Rząd pod presją. Polityczna debata już się rozpoczyna

Choć przepisy mają charakter unijny, to rządy państw członkowskich odpowiadają za ich wdrażanie i osłonę społeczną. W Polsce już teraz pojawiają się pytania o konkretne rozwiązania – czy będą bony energetyczne? Czy dopłaty obejmą także klasę średnią? Jak długo potrwa okres przejściowy?

Brak odpowiedzi wywołuje niepokój. Część polityków ostrzega przed „klimatycznym podatkiem” jako ciosem w budżety rodzinne.
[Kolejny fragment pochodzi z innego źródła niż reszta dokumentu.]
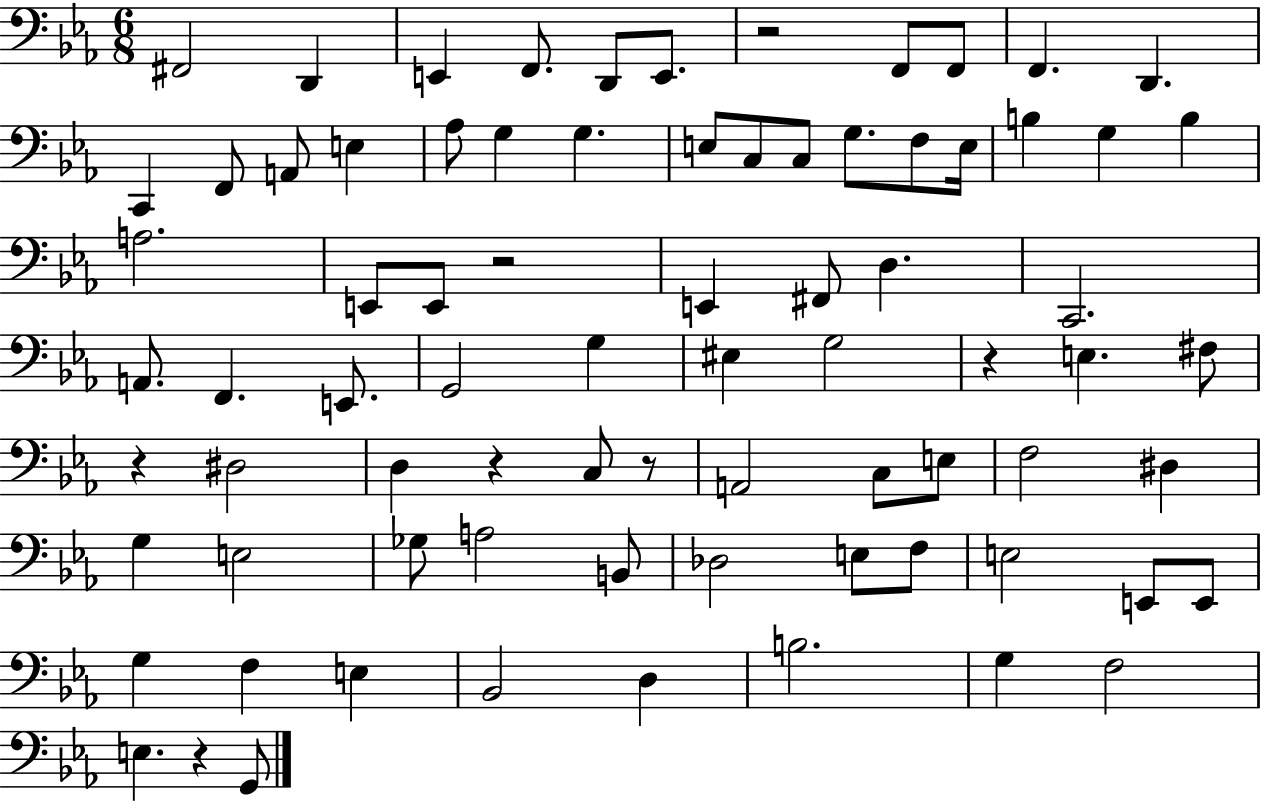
X:1
T:Untitled
M:6/8
L:1/4
K:Eb
^F,,2 D,, E,, F,,/2 D,,/2 E,,/2 z2 F,,/2 F,,/2 F,, D,, C,, F,,/2 A,,/2 E, _A,/2 G, G, E,/2 C,/2 C,/2 G,/2 F,/2 E,/4 B, G, B, A,2 E,,/2 E,,/2 z2 E,, ^F,,/2 D, C,,2 A,,/2 F,, E,,/2 G,,2 G, ^E, G,2 z E, ^F,/2 z ^D,2 D, z C,/2 z/2 A,,2 C,/2 E,/2 F,2 ^D, G, E,2 _G,/2 A,2 B,,/2 _D,2 E,/2 F,/2 E,2 E,,/2 E,,/2 G, F, E, _B,,2 D, B,2 G, F,2 E, z G,,/2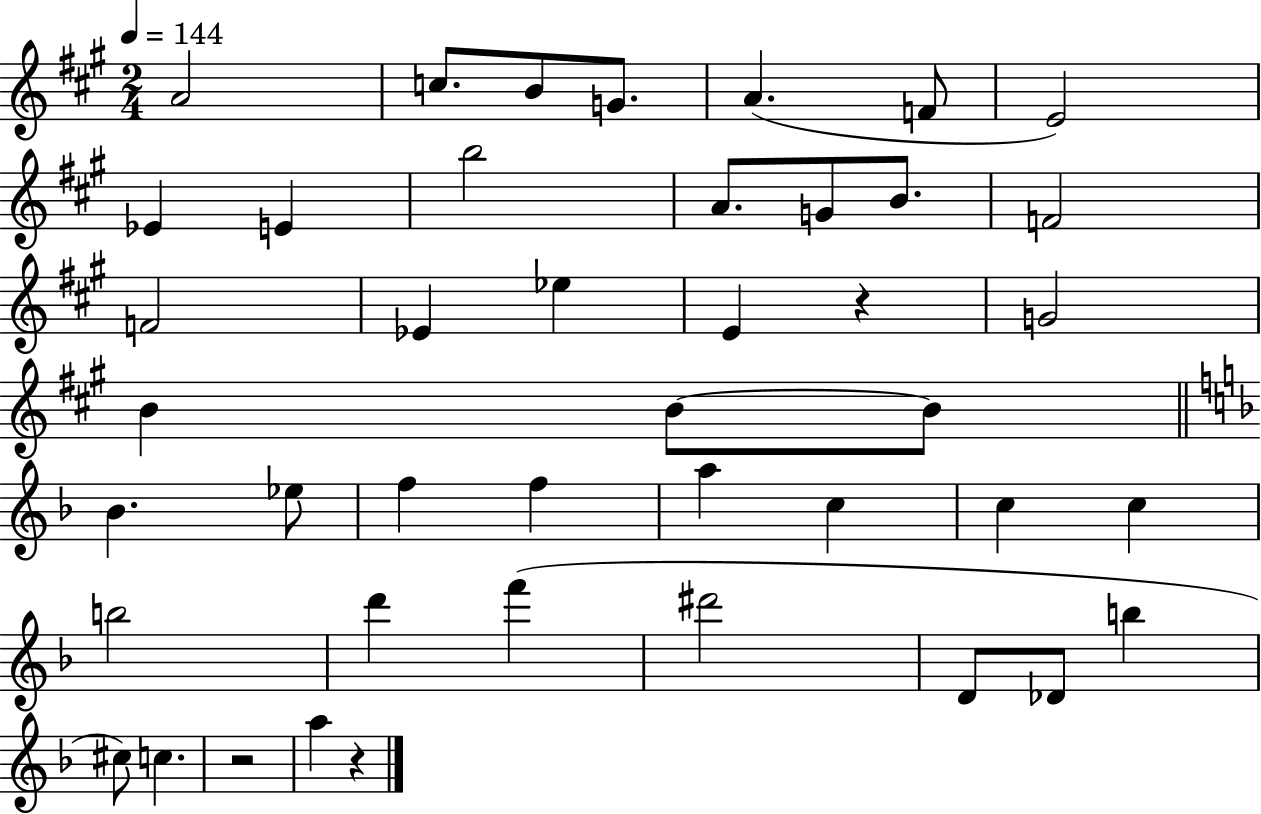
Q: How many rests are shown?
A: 3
Inni przypominają, iż system ETS2 to element szerszej polityki klimatycznej, bez której Polska nie spełni unijnych zobowiązań.

Coraz mniej czasu w decyzję. Każdy rok zwłoki kosztuje

Choć do 2027 roku pozostało kilkanaście miesięcy, proces modernizacji systemów grzewczych i infrastruktury energetycznej nie dzieje się z dnia na dzień. Eksperci apelują, by nie odkładać decyzji na ostatnią chwilę – ceny urządzeń i usług już teraz rosną, a popyt na pompy ciepła czy fotowoltaikę przewyższa dostępność instalatorów.

Wszystko wskazuje na to, iż nadchodzące lata będą dla polskich domów okresem intensywnej przebudowy – albo dramatycznych wyrzeczeń. Bo ETS2 to nie teoria z Brukseli. To konkretna, rosnąca pozycja na rachunku, którą odczuje każdy, kto wciąż polega na węglu czy gazie.